Milan Panic, a Serbian-born Californian businessman who flew back to Belgrade to become Prime Minister this month, stepped out of an armoured troop carrier at the United Nations headquarters in Sarajevo, declaring that he wanted 'peace - and the withdrawal of all weapons'.
Radovan Karadzic, whose Serbian forces have been besieging Sarajevo for the past three months, has made similar promises on several occasions, but so far without noticeable effect.

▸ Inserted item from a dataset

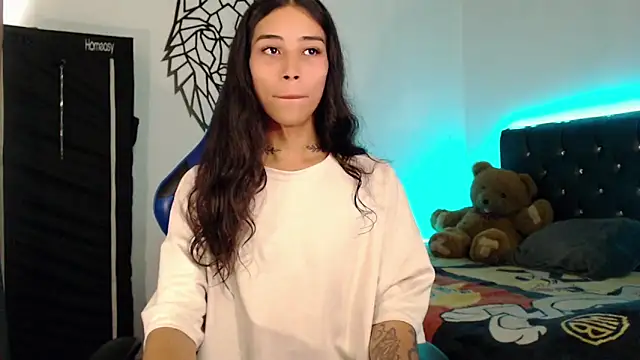 Snapshot of Sweet-Cris chatting on 11-06-25, 05:25 Sweet-Cris online show from 11-06-25, 05:25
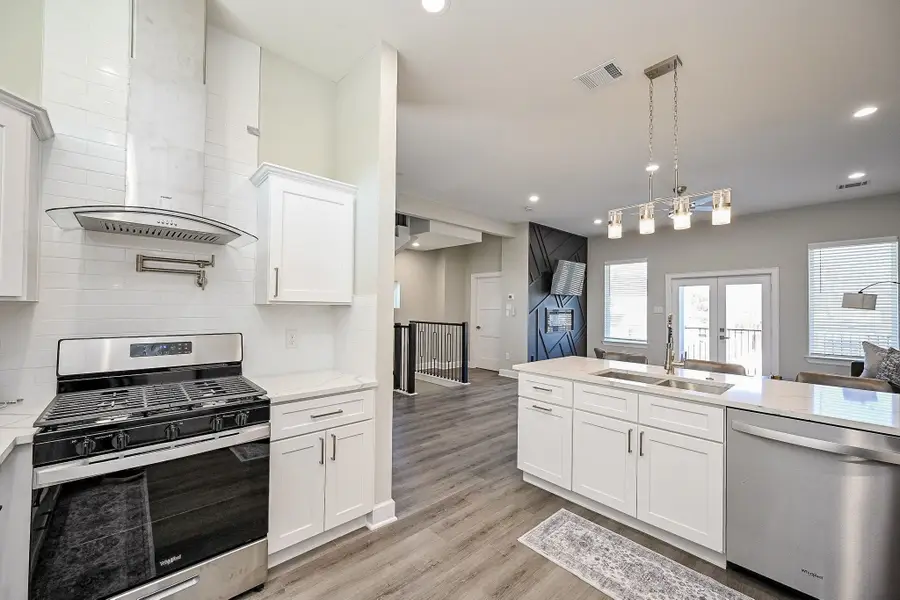 4746 Mallow Street E, Houston, TX 77033 - #3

Mr Panic talked of making a symbolic handover of a tank to General Lewis Mackenzie, the Canadian commander of the UN forces in Sarajevo, though it was unclear whose tank this would be, and by what right Mr Panic would hand it over.
Belgrade now seeks to maintain that the Yugoslav army no longer exists in Bosnia, and that the attacks on Sarajevo have nothing to do with Belgrade.
Mr Panic also declared that 'ethnic cleansing (the deportation and killing of Muslims, especially in eastern Bosnia) is over'. According to Mr Panic, 'I want those refugees back home safe where they belong.' Belgrade has always strenuously insisted that it bears no responsibility for the atrocities in eastern Bosnia. The Yugoslav Prime Minister seemed to put the responsibility for ending the bloodshed upon the Bosnian leader. He said: 'After today's meeting with Alija Izetbegovic, it will be clear whether he is for peace, or not.'
Gunfire echoed across central Sarajevo yesterday evening, more than an hour after a ceasefire agreed by the Bosnian government and its Serbian opponents in London on Friday was due to come into force.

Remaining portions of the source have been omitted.